Changed in version 1.3.0

With the addition of Job database models, it is now generally possible and preferable to refer to a job by its UUID primary key, similar to other Nautobot database models, rather than its class_path.

Changed in version 2.0.0

The Job database model name field is now enforced to be globally unique and so is also an option for uniquely identifying Job records.

Via the Web UI

Jobs can be run via the web UI by navigating to the job, completing any required form data (if any), and clicking the "Run Job" button.

Once a job has been run, the latest JobResult for that job will be summarized in the job list view.

Via the REST API

Removed in version 2.0.0

The commit parameter was removed. All job input should be provided via the data parameter.

To run a job via the REST API, issue a POST request to the job's endpoint /api/extras/jobs/<uuid>/run/ or /api/extras/jobs/<name>/run/. You can optionally provide JSON data to specify any required user input data, optional task_queue, and/or provide optional scheduling information as described in the section on scheduling and approvals.

Added in version 2.0.0

The /api/extras/jobs/<name>/ REST API endpoints were added as an alternative to /api/extras/jobs/<uuid>/.

For example, to run a job, by UUID, with no user inputs:

curl -X POST \
-H "Authorization: Token $TOKEN" \
-H "Content-Type: application/json" \
-H "Accept: application/json; version=1.3; indent=4" \
http://nautobot/api/extras/jobs/$JOB_ID/run/

Or to run a job, by name, that expects user inputs:

curl -X POST \
-H "Authorization: Token $TOKEN" \
-H "Content-Type: application/json" \
-H "Accept: application/json; version=1.3; indent=4" \
http://nautobot/api/extras/jobs/$JOB_NAME/run/ \
--data '{"data": {"string_variable": "somevalue", "integer_variable": 123}}'

When providing input data, it is possible to specify complex values contained in ObjectVars, MultiObjectVars, and IPAddressVars.

  • ObjectVars can be specified by either using their primary key directly as the value, or as a dictionary containing a more complicated query that gets passed into the Django ORM as keyword arguments.
  • MultiObjectVars can be specified as a list of primary keys.
  • IPAddressVars can be provided as strings in CIDR notation.

Jobs with Files

To run a job that contains FileVar inputs via the REST API, you must use multipart/form-data content type requests instead of application/json. This also requires a slightly different request payload than the example above. The task_queue and schedule data are flattened and prefixed with underscore to differentiate them from job-specific data. Job specific data is also flattened and not located under the top-level data dictionary key.

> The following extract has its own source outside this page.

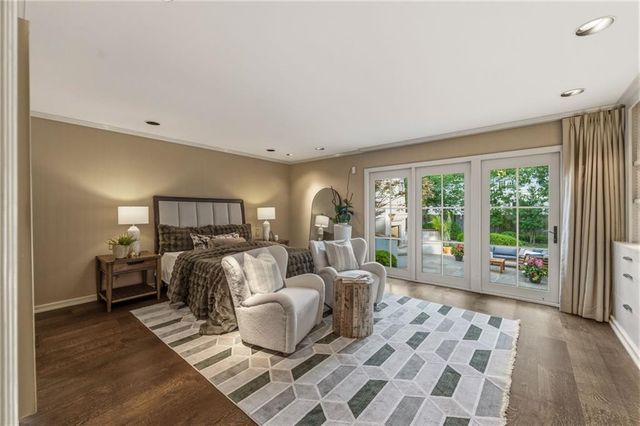 2211 W 69th Terrace, Mission Hills, KS 66208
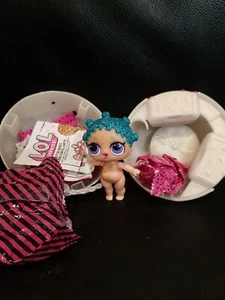  LOL COSMIC QUEEN GLITTER SERIES Doll.sze - Picture 1 of 1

An example of running a job with both FileVar (named myfile) and StringVar (named interval) input:

curl -X POST \
-H 'Authorization: Token $TOKEN' \
-H 'Content-Type: multipart/form-data' \
-H "Accept: application/json; version=1.3; indent=4" \
'http://nautobot/api/extras/jobs/$JOB_NAME/run/' \
-F '_schedule_interval="immediately"' \
-F '_schedule_start_time="2022-10-18T17:31:23.698Z"' \
-F 'interval="3"' \
-F 'myfile=@"/path/to/my/file.txt"' \

Via the CLI

Jobs can be run from the CLI by invoking the management command:

nautobot-server runjob [--username <username>] [--local] [--data <data>] <class_path>

Note

See above for class_path definitions.

Added in version 1.3.10

The --data and --local parameters were added.

The --data parameter must be a JSON string, e.g. --data='{"string_variable": "somevalue", "integer_variable": 123}'

Using the same example shown in the API:

nautobot-server runjob --username myusername example.MyJobWithNoVars

Warning

The --username <username> must be supplied to specify the user that will be identified as the requester of the job.

Note that nautobot-server commands, like all management commands and other direct interactions with the Django database, are not gated by the usual Nautobot user authentication flow. It is possible to specify any existing --username with the nautobot-server runjob command in order to impersonate any defined user in Nautobot. Use this power wisely and be cautious who you allow to access it.